What Artificial Intelligence Can Do at an Advanced Level
A principle consideration, when it comes to optimising artificial intelligence, is that AI applications such as machine vision still hinge on human intervention.
This brings us to the human-to-AI task of data labelling, and the computer-based task of generative adversarial networks, or GANs. Both are principal elements of AI that show just why the aforementioned machine vision system—whose main purpose is to address the yes-or-no question, ‘Should this product pass or fail factory inspection?’—is a comparatively basic one.
An AI system that is subject to data labelling is one that is programmed to discriminate between multiple visual stimuli thanks to many people inputting the relevant nouns that apply to a long line of images (e.g., in the context of programming smart vehicles, ‘stop sign’, ‘traffic lights’, etc.). This is all in the interest of training machines to ‘see’ what they’re presented.
In view of the ever-rising number of machine vision applications (the industry’s interest in self-driving cars especially), data labelling is now so in demand employment-wise that it could be called an industry in itself. However, it does beg the question of how practical such a labour-intensive task is.
Generative adversarial networks (GANs) are a work-in-progress answer to data labelling’s demand for such human labour. It involves a neural network comprised of two major parts: one that generates both fake images and real-life photographs (the generator), and the other (the discriminator) that is programmed to distinguish the genuine pictures from the fakes—and learn from its mistakes when it fails to.
The results of such a self-teaching system have been so promising that one example of GAN-based technology (one of DeepMind’s many software examples) has achieved mammography capabilities that may rival those of a radiologist.
Given that such AI-based image processing can achieve a medical breakthrough of this proportion, consider what it can do for industrial machine vision.
As it stands now, artificial intelligence cannot compare to the efficiency of human cognition, intuition, and common sense. Pictured: artificial intelligence graphics, including those that represent machine vision and data analytics. A businessman stands in the background. Image Credit: Bigstock.
What Artificial Intelligence Cannot Do
We’ve established that artificial intelligence is a work in progress, but one so promising that its machine vision applications can help to assist anything from factory product inspection through to and including medical diagnoses.
How AI fares against a human observer, however, is a different matter entirely. For the time being, it cannot compare to the efficiency of human cognition, intuition, and especially common sense.
The reason for this is chiefly because an individual’s ability to comprehend and discriminate various visual information is effortless. Consider, for instance, that a human engineer could manage the aforementioned pass-fail bottle inspection without a second thought (albeit far less dependably than a computer could).

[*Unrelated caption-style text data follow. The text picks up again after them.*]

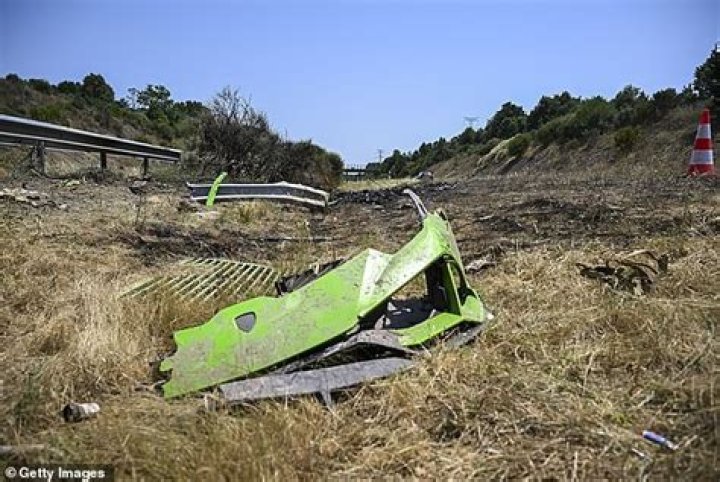 Massachusetts Ashley Cardoso Accident Linked To Death Cause Obituary ·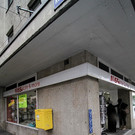 16052012messerde01001aktivnews_01.jpg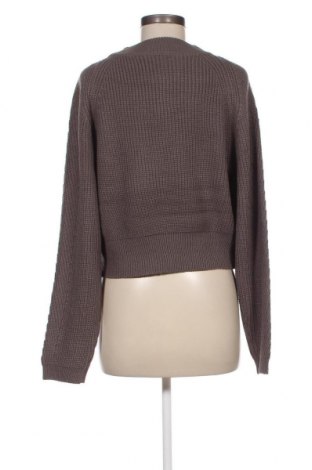 Γυναικείο πουλόβερ MyMO, Μέγεθος XL, Χρώμα  Μπέζ, Τιμή 68,04 €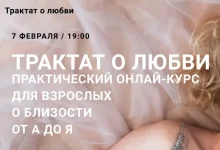0.webp
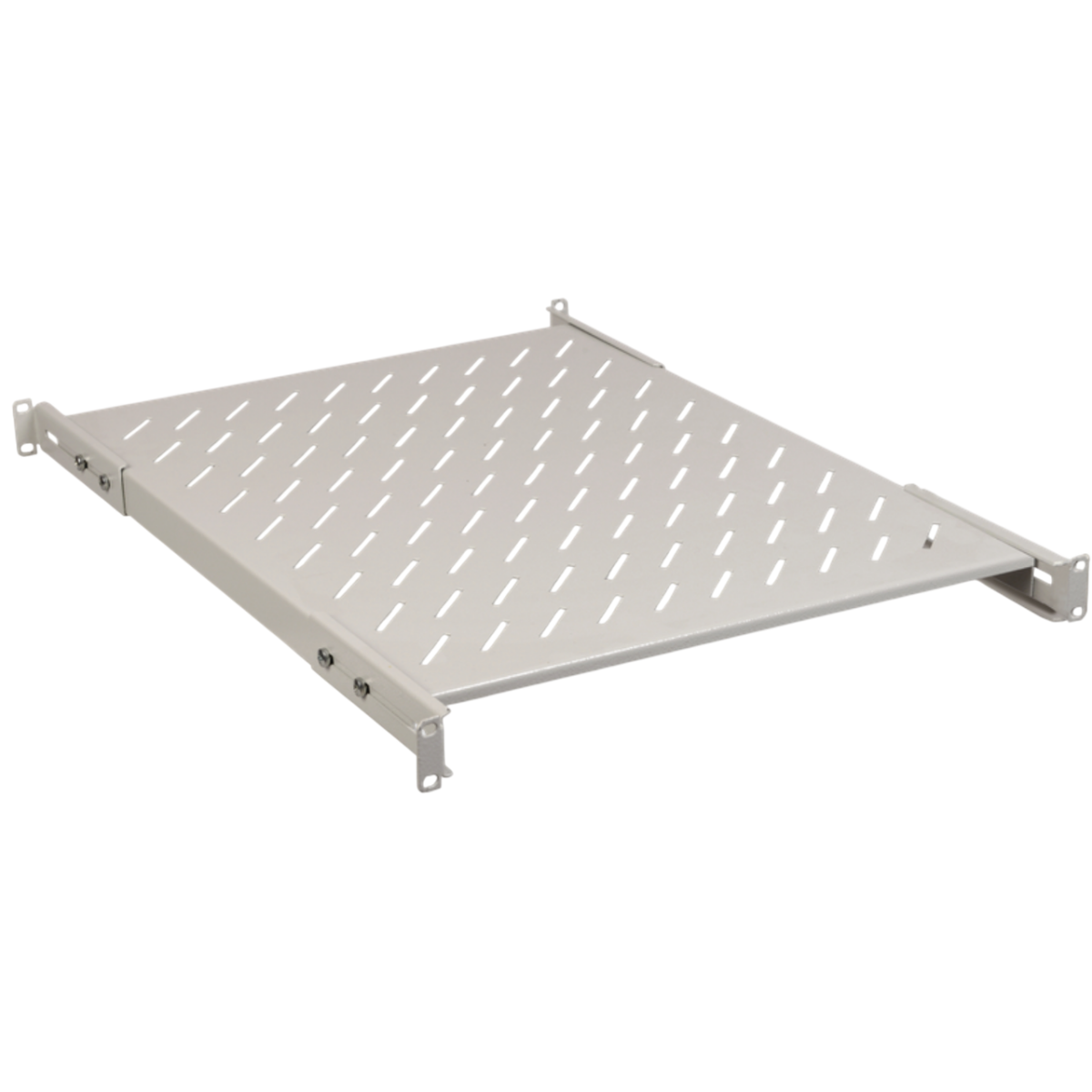 Полка для шкафа/стойки ITK FS35-400PI-R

Meanwhile, to achieve an AI system that could even approach a level of image comprehension as diverse as that of an individual’s perception, the level of human intervention required would be, once again, crucial. Engineers and other scientists would need to enhance their software with any combination of the below, and more:
An indefinite number of people carrying out data labelling,
A GSN—general adversarial network—and, of course,
Plenty of general reference images for the given AI to learn from.
All of these points sum up an obstacle that is yet to be overcome: the optimisation of artificial intelligence requires countless data. After all, it is a misunderstanding that an increase in data is necessarily key to automation—in fact, managing data is human labour-intensive. As Harvard University puts it: “The future of AI will be about less data, not more”.